Tonight, I whimper.
I seriously needed to cry for a while. My heart wouldn't slow down. It's always on the fast lane and it has no intention of stopping. (Maybe it'll stop on the day of my death, but it'll never slow down on its way there. I just know it won't.)
I acquire all sorts of feelings when I come face to face with him. I'd feel like drifting into space when he calls me by my first name. I'd feel dizzy whenever he'd tell me to come closer. I'd feel like I'd won a million-dollar jackpot whenever he'd stare at me for more than 3 seconds. I'd feel like kicking Mt. Rushmore down whenever he'd reject whatever I've proposed.
This, he just made me feel like riding roller coaster.
I rode the roller coaster, feeling all giddy and excited about running through the loops and hoops, and went down the ride with a haggard face. A haggard, tired, "f*ck-it" face. I would only feel that way after a ride if: a.) I've figured out that I've mistakenly taken a ride on a kiddie coaster or, b.) the ride was a whole lot of fun.
He gave my day a perky start with a greeting that went like, "Good morning, Loi." He never says that, believe me.
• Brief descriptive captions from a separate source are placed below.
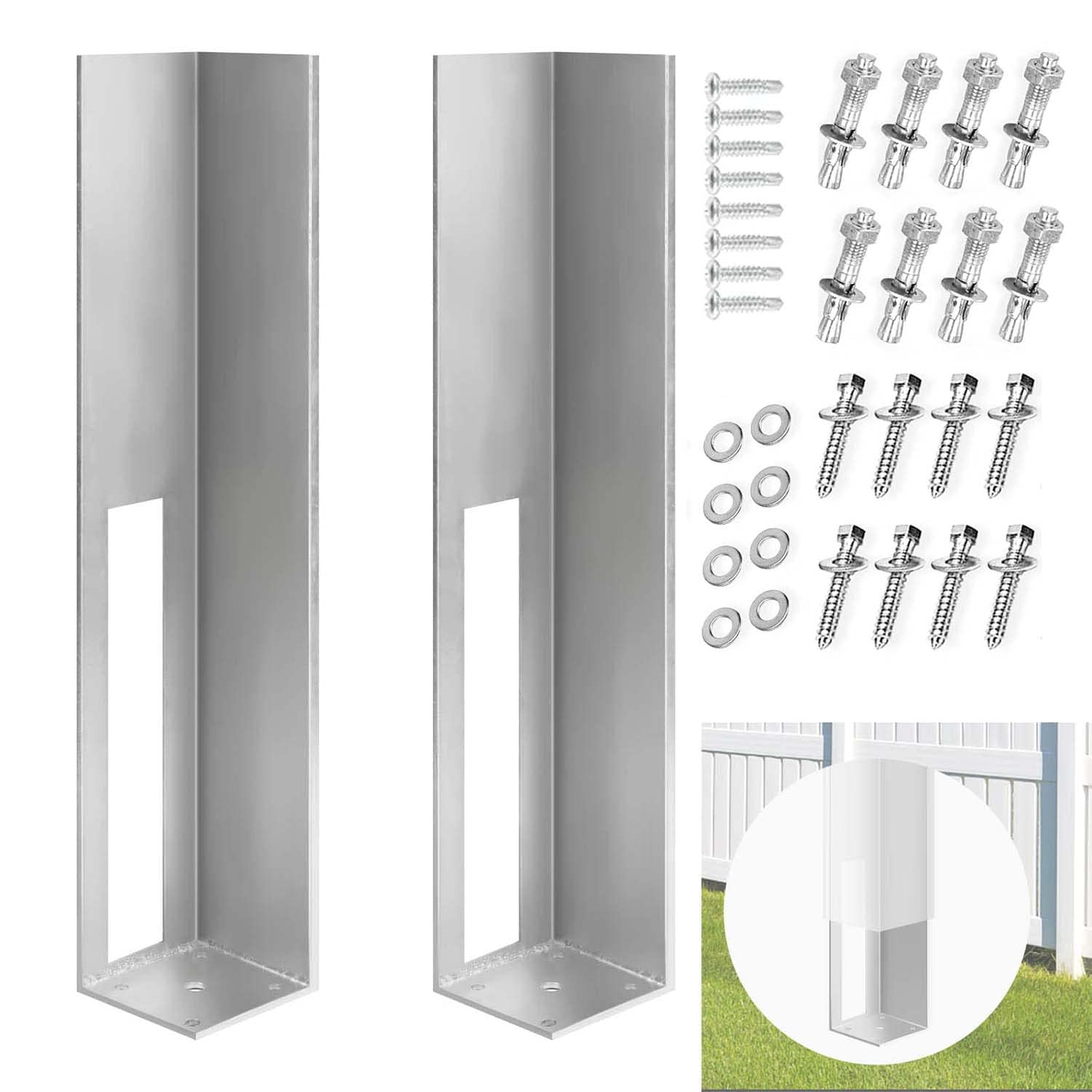 TPSHKE Vinyl Fence Concrete/Wood Post Mount Tower Fence Post for Vinyl Fence Iron Material Coated Powder Fence Post Insert (5"x5"x24"??ê2Pack??ë)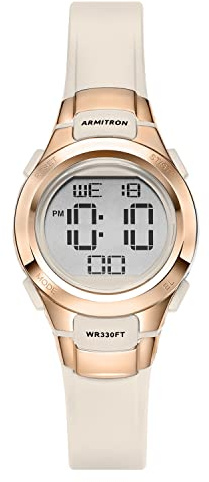 Armitron Sport Women's 45/7012PBH Rose Gold-Tone Accented Digital Chronograph Blush Pink Resin Strap Watch
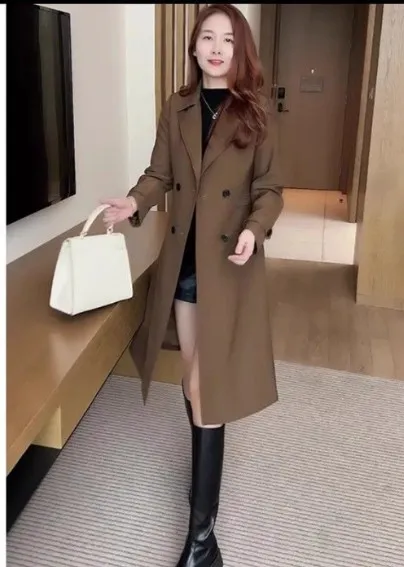 Korean Style Elegant Elegant Graceful Trench Coat Brown - Shop at LoveMi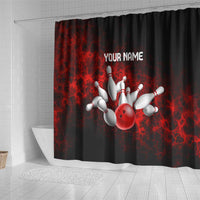Red Bowling Ball and Pins Design Shower Curtain with Fiery Smoke Background and Custom Team Name Text - Wonder Print Shop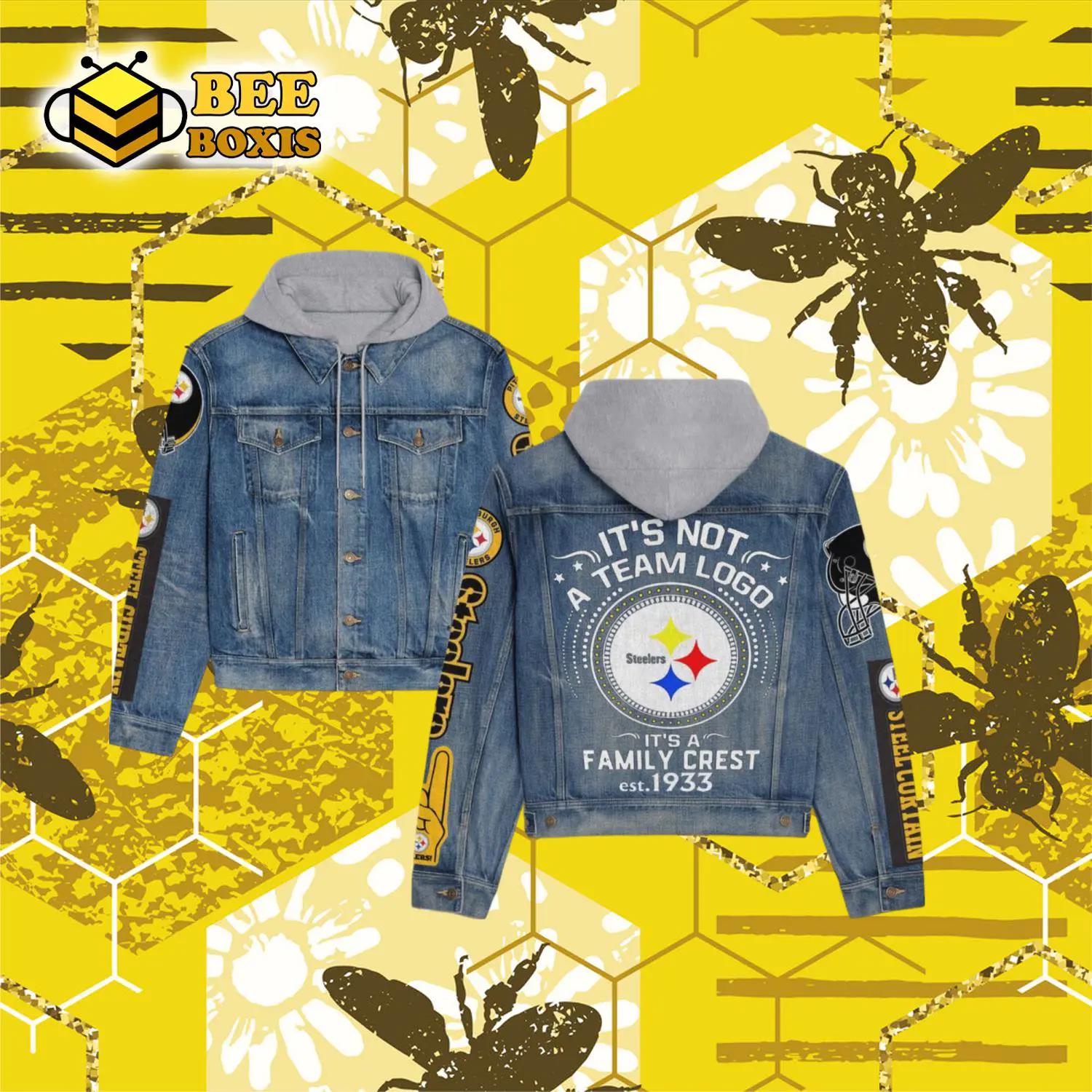 It’s not a team logo damily crest est 1933 steelers logo design hooded denim jacket.png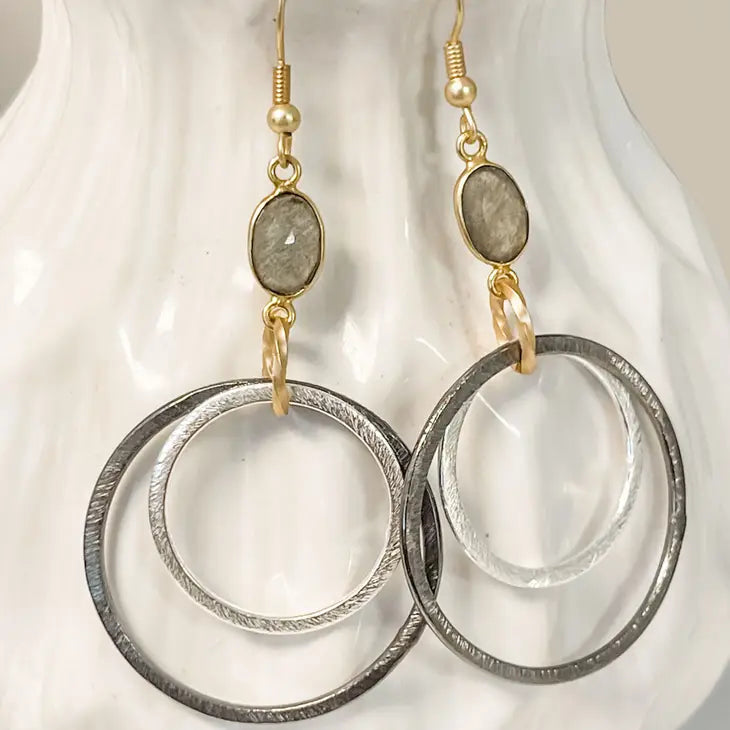 Double Ring Earrings of Gunmetal and Silver with Gold Labradorite Bezel Connector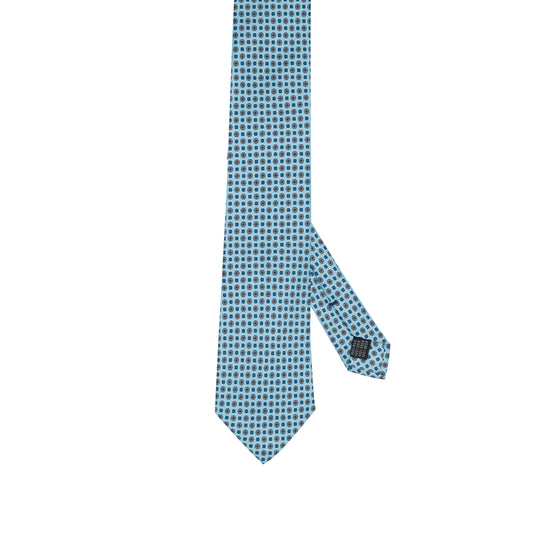 Light Blue 100% Italian Silk Tie With Micro Floral Rosette Pattern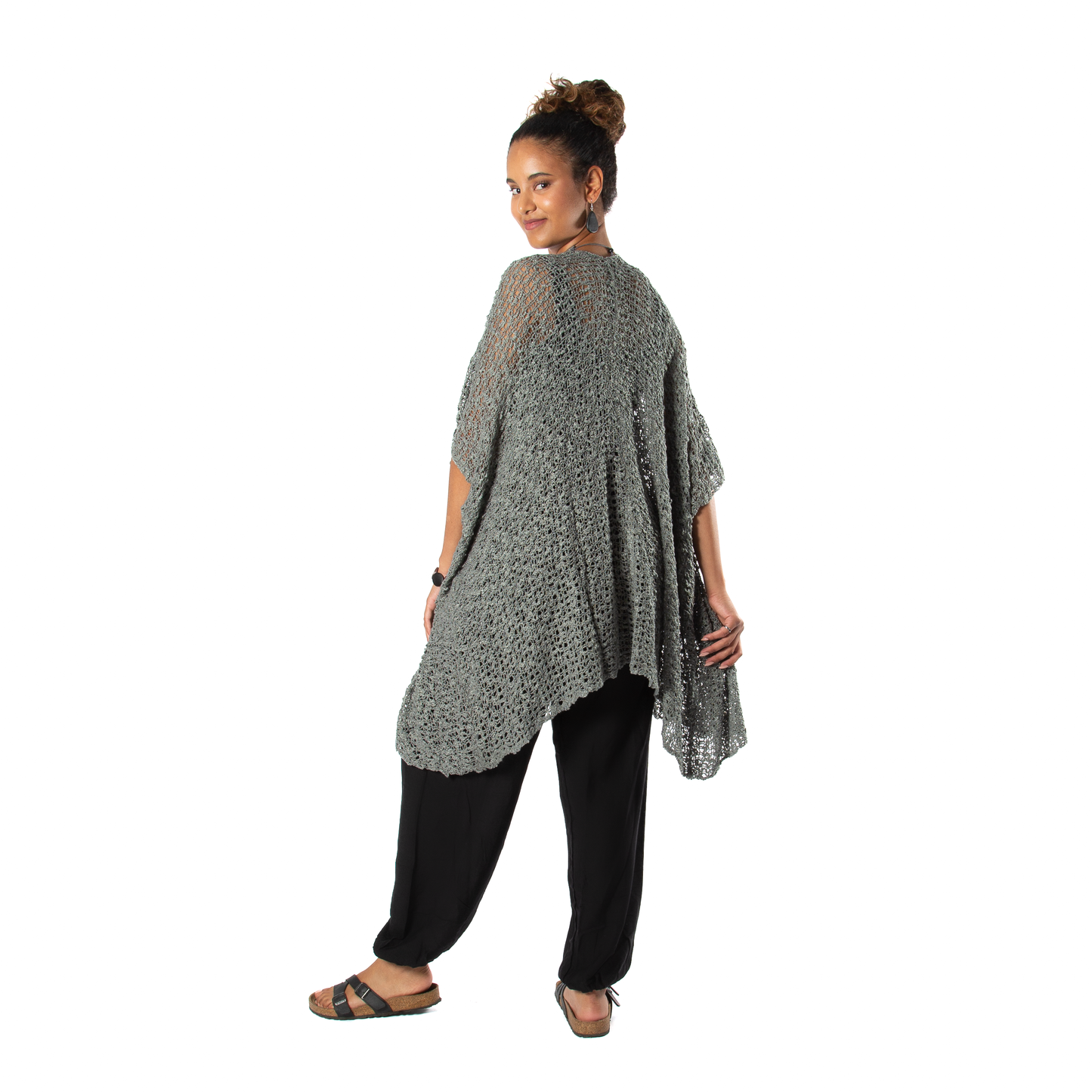 Handmade popcorn knit mid length kimono back view grey Bali artisan clothing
He NEVER does. Not to me, not to anyone. He made my heart fly the moment he greeted me that morning. That good (now "used-to-be-good") morning. Of course, he never knew about how high my heart flew. But I can tell you this: IT FLEW HIGH ENOUGH TO FALL QUITE BOOMISHLY (the word 'boomishly' here means 'louder than the loudest after-fall you'll ever hear') THE SECOND HE AGREED TO SOMEONE ELSE.
We were in the middle of discussing something and for once, I felt like we were actually 'connecting'. I was at a state of temporary infinite happiness (yes, I am aware of typing temporary with infinite). For a moment, I felt like I was going to be happy my whole life. Then all of a sudden, someone interrupted it by placing her opinion somewhere in the middle of our connection. Her opinion he just had to agree with. Before I knew it, he was on her side and he was back to contradicting everything that I've said. When she butted in, my infinite happiness came to a halt. Thus, making infinity temporary.
I just don't get it why I'm still bitter about this. I'm too bitter about it. Too bitter that I can't even type about when he said he won't be coming to the Christmas party (technically, he said it but I had to find out about it from a common friend) and when he didn't reply to my messages after today (he replied to the ones that someone else sent him).
BITTER. BUTTER. BANG.
--- So I was bitter. Haha. Let's all try to laugh about it.